> WHAT YOU HAVE TO DO
Line by line, restate the listing below without any change.

> EXTRACTED INFORMATION

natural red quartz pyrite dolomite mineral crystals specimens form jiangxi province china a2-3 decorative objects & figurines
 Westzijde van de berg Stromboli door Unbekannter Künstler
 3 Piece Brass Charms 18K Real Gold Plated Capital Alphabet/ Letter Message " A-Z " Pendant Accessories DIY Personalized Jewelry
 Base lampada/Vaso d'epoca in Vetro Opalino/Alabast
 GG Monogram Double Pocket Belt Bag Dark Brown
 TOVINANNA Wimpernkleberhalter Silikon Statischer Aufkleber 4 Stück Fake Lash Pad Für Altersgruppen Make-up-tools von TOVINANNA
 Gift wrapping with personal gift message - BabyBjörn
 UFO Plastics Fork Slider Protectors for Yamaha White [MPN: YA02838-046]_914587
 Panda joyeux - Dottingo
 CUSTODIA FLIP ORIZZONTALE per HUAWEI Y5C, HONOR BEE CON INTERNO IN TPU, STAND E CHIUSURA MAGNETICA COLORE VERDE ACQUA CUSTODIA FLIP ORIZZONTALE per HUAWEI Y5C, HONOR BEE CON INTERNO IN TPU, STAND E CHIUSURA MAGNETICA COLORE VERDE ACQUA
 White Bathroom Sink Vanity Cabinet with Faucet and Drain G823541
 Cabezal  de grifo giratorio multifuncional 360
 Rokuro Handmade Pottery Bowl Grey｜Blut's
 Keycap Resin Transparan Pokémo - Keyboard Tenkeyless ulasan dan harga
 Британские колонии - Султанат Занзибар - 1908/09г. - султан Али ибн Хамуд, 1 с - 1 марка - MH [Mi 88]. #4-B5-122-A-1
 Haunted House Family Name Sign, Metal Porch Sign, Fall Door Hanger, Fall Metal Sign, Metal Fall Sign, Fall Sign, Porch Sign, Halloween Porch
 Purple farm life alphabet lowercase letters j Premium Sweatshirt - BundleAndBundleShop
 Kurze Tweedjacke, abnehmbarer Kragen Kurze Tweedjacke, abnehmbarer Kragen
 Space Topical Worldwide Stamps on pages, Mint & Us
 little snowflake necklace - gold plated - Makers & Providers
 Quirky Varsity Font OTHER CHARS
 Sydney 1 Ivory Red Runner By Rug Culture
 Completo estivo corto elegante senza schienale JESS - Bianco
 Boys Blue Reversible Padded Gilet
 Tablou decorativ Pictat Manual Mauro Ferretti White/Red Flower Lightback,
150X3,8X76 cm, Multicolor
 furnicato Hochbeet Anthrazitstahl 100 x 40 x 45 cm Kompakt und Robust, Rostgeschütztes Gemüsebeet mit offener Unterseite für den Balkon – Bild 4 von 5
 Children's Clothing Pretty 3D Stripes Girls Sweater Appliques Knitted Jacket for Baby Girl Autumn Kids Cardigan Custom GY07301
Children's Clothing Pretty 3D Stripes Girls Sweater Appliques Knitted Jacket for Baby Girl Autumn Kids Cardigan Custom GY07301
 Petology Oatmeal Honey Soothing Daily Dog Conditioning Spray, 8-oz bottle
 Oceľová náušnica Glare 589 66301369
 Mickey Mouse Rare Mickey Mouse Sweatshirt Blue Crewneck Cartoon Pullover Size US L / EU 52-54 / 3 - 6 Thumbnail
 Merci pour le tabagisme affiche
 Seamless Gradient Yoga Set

> COMPLETED TASK
natural red quartz pyrite dolomite mineral crystals specimens form jiangxi province china a2-3 decorative objects & figurines
 Westzijde van de berg Stromboli door Unbekannter Künstler
 3 Piece Brass Charms 18K Real Gold Plated Capital Alphabet/ Letter Message " A-Z " Pendant Accessories DIY Personalized Jewelry
 Base lampada/Vaso d'epoca in Vetro Opalino/Alabast
 GG Monogram Double Pocket Belt Bag Dark Brown
 TOVINANNA Wimpernkleberhalter Silikon Statischer Aufkleber 4 Stück Fake Lash Pad Für Altersgruppen Make-up-tools von TOVINANNA
 Gift wrapping with personal gift message - BabyBjörn
 UFO Plastics Fork Slider Protectors for Yamaha White [MPN: YA02838-046]_914587
 Panda joyeux - Dottingo
 CUSTODIA FLIP ORIZZONTALE per HUAWEI Y5C, HONOR BEE CON INTERNO IN TPU, STAND E CHIUSURA MAGNETICA COLORE VERDE ACQUA CUSTODIA FLIP ORIZZONTALE per HUAWEI Y5C, HONOR BEE CON INTERNO IN TPU, STAND E CHIUSURA MAGNETICA COLORE VERDE ACQUA
 White Bathroom Sink Vanity Cabinet with Faucet and Drain G823541
 Cabezal  de grifo giratorio multifuncional 360
 Rokuro Handmade Pottery Bowl Grey｜Blut's
 Keycap Resin Transparan Pokémo - Keyboard Tenkeyless ulasan dan harga
 Британские колонии - Султанат Занзибар - 1908/09г. - султан Али ибн Хамуд, 1 с - 1 марка - MH [Mi 88]. #4-B5-122-A-1
 Haunted House Family Name Sign, Metal Porch Sign, Fall Door Hanger, Fall Metal Sign, Metal Fall Sign, Fall Sign, Porch Sign, Halloween Porch
 Purple farm life alphabet lowercase letters j Premium Sweatshirt - BundleAndBundleShop
 Kurze Tweedjacke, abnehmbarer Kragen Kurze Tweedjacke, abnehmbarer Kragen
 Space Topical Worldwide Stamps on pages, Mint & Us
 little snowflake necklace - gold plated - Makers & Providers
 Quirky Varsity Font OTHER CHARS
 Sydney 1 Ivory Red Runner By Rug Culture
 Completo estivo corto elegante senza schienale JESS - Bianco
 Boys Blue Reversible Padded Gilet
 Tablou decorativ Pictat Manual Mauro Ferretti White/Red Flower Lightback,
150X3,8X76 cm, Multicolor
 furnicato Hochbeet Anthrazitstahl 100 x 40 x 45 cm Kompakt und Robust, Rostgeschütztes Gemüsebeet mit offener Unterseite für den Balkon – Bild 4 von 5
 Children's Clothing Pretty 3D Stripes Girls Sweater Appliques Knitted Jacket for Baby Girl Autumn Kids Cardigan Custom GY07301
Children's Clothing Pretty 3D Stripes Girls Sweater Appliques Knitted Jacket for Baby Girl Autumn Kids Cardigan Custom GY07301
 Petology Oatmeal Honey Soothing Daily Dog Conditioning Spray, 8-oz bottle
 Oceľová náušnica Glare 589 66301369
 Mickey Mouse Rare Mickey Mouse Sweatshirt Blue Crewneck Cartoon Pullover Size US L / EU 52-54 / 3 - 6 Thumbnail
 Merci pour le tabagisme affiche
 Seamless Gradient Yoga Set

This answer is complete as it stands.